Raspberry Pi gets major hardware upgrade, pleases enthusiasts

By Peter Gothard
15 Jul 2014 View Comments

The Raspberry Pi Foundation has released a new beefed up version of its eponymous device that should widen its appeal beyond its traditional users in the education sector .

The $35 Raspberry Pi Model B+ is about 3cm longer than its predecessor and four USB 2.0 ports, twice as many as the two-year-old Model B.

Further reading

The GPIO (general purpose input/output) header now has 40 pins, but retains the same pinout on the first 26 pins as the Model B, meaning backwards compatibility.

Storage has also been changed to accommodate a push-in, push-out micro SD cards, instead of the old-style SD cards that needed to be pushed in and pulled out manually.

There is 512MB RAM on-board, just like the last board (but not like the original Model B, which had only 256MB).

Raspberry Pi founder Eben Upton posted on the Foundation website that original Model B machines will still be produced "to ensure continuity of supply for our industrial customers". Which means Raspberry Pi officially has some.

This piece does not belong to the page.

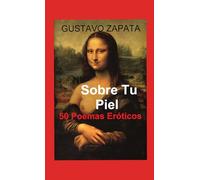 SOBRE TU PIEL: 50 Poemas Eróticos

According to the Foundation, a B+ was accidentally sold in a store in Virginia over the weekend, necessitating the "official" unveiling of the device this week.

While the Raspberry Pi clearly started life as an education sector project aimed at the same kind of community that once treasured the BBC Microcomputer, it seems fair to say that the hobbyist and - indeed - "industrial" markets (those BBC users who are now adults, perhaps) have really rallied around the budget-priced board from Cambridge.

While Computing originally visited a school that was getting to grips with the machine at launch, and found it using the Pi as a server to connect laptops, education implementation has somewhat failed to explode since, prompting Raspberry Pi to join up with Google to give around 15,000 of the devices to schools in October 2013.

Alejandro Simon, head of software at Raspberry Pi accessory maker Kano, has also been quoted as saying "more than two million units [were sold], and pretty much all of them went to hackers".

Simon suggested the biggest obstacle was in teachers finding the time and resources to apply their own learning before implementing the Raspberry Pi properly in their classrooms.